EXERCISE: Below are records with pictures. Reproduce exactly the lines from the line with "I Love SEO Search" to the line with "Vietnam Construction Chemicals", inclusive, and leave each picture out.

SOURCE RECORDS:
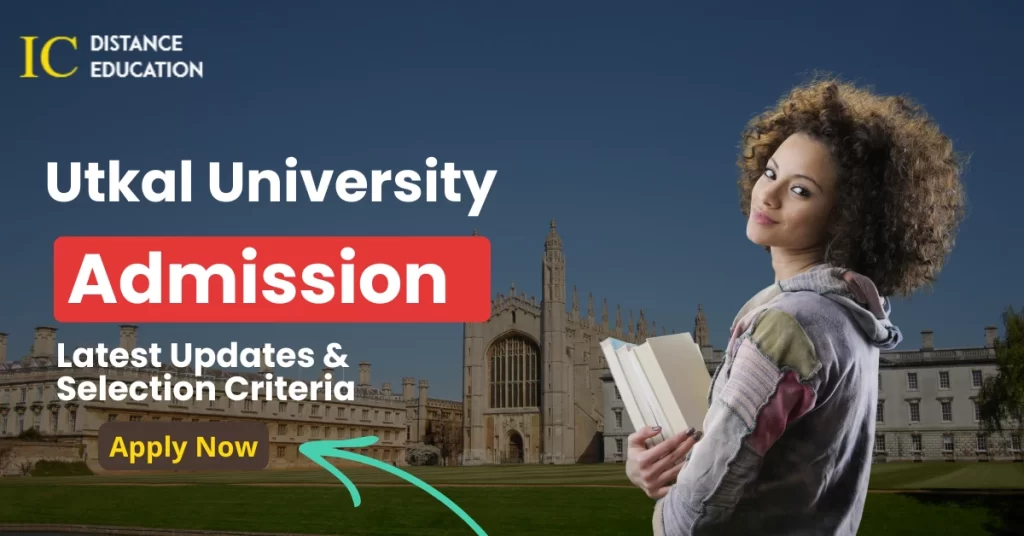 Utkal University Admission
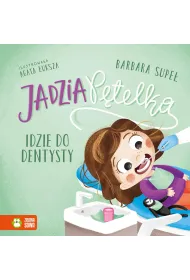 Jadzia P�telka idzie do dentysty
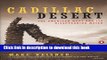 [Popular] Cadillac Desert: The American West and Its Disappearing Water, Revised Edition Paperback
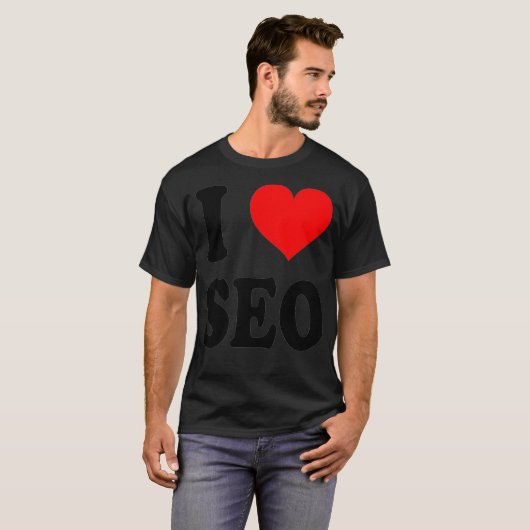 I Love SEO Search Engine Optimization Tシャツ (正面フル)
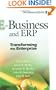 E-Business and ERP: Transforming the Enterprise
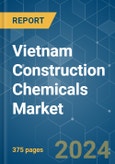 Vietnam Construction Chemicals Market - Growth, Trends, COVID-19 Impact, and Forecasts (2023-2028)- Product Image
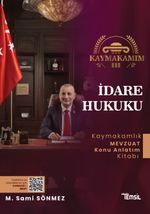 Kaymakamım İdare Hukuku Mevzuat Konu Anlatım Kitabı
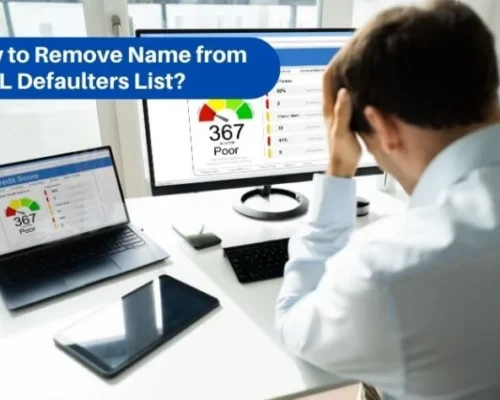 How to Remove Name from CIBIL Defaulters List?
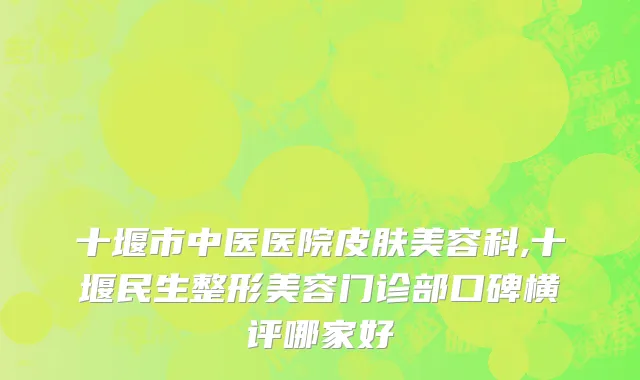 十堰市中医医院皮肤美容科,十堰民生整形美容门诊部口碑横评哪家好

==

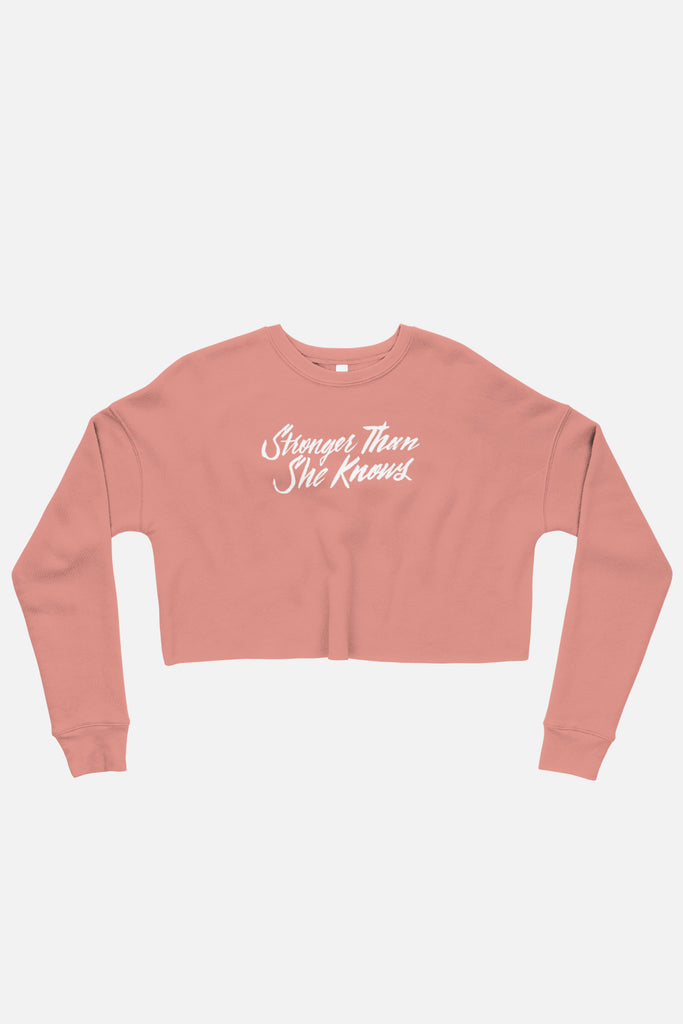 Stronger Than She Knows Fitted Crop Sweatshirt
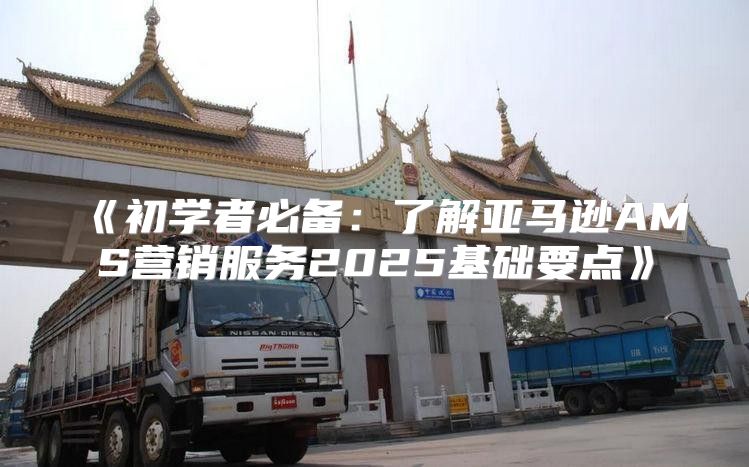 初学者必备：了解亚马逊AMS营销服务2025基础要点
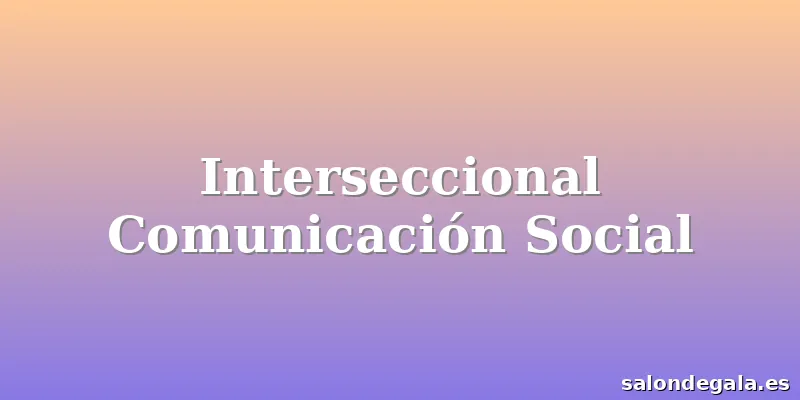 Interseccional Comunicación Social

EXPECTED ANSWER:
 I Love SEO Search Engine Optimization Tシャツ (正面フル)
 E-Business and ERP: Transforming the Enterprise
 Vietnam Construction Chemicals Market - Growth, Trends, COVID-19 Impact, and Forecasts (2023-2028)- Product Image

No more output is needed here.